- **Data below**
# # # # # # #
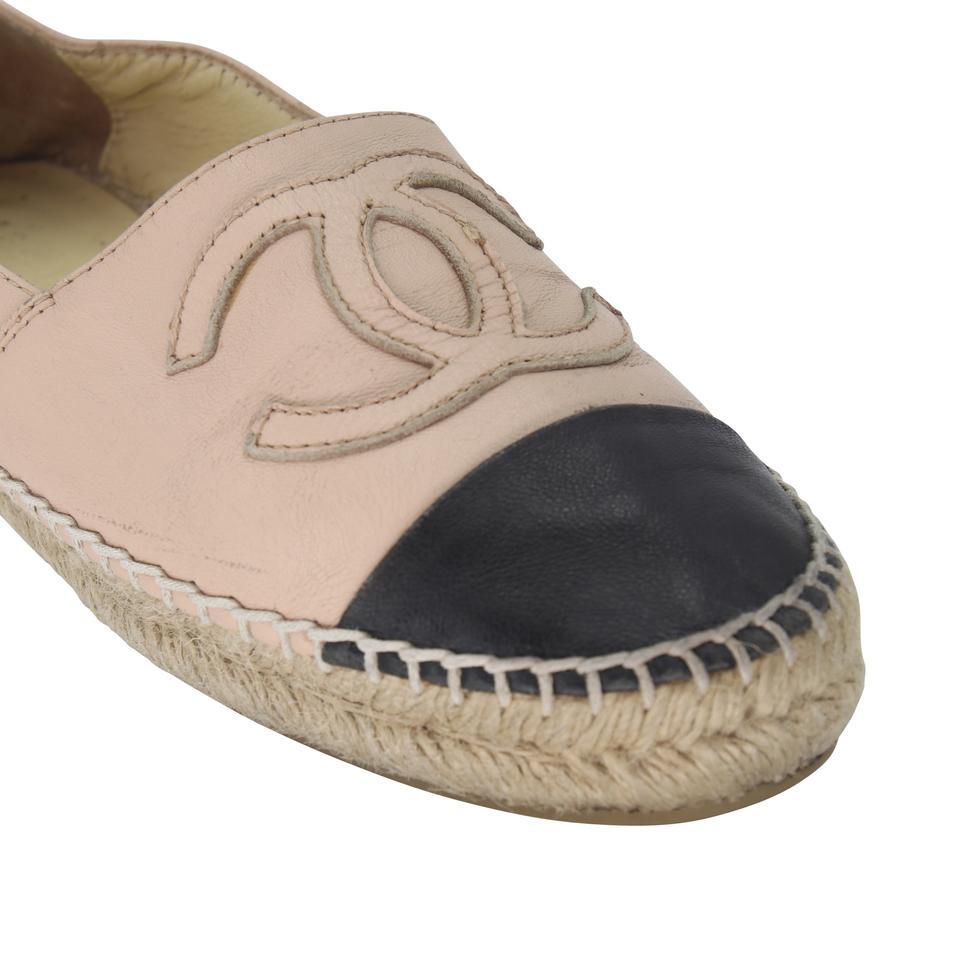 Beige Chanel Espadrilles 35 Embroidered Leather Cap Toe CC Flats CC-0223N-0041 For Sale
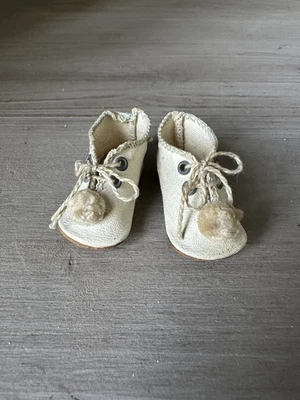 Chaussures Anciennes Blanches Pour Poupée Ancienne Petite Taille - Photo 1/4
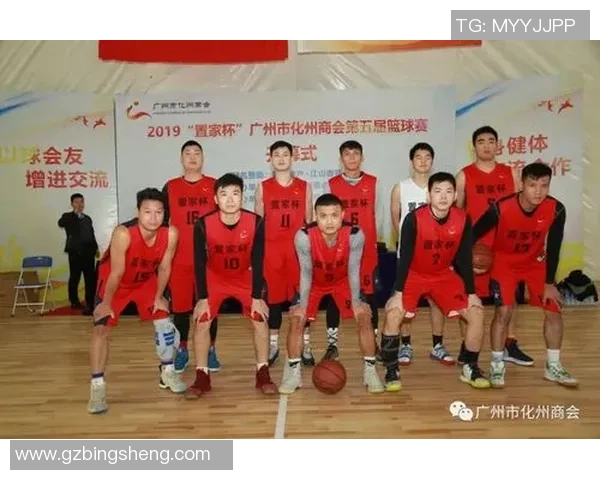 深圳篮球队的团队协作之道：如何在赛场上实现默契与配合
# # # # # # #
- **What the task asks**
Write out, exactly and only, the lines from the one containing "Chaussures Anciennes Blanches" through the last line of the material above. Pictures do not go in the copy.

- **Exercise result**
 Chaussures Anciennes Blanches Pour Poupée Ancienne Petite Taille - Photo 1/4
 深圳篮球队的团队协作之道：如何在赛场上实现默契与配合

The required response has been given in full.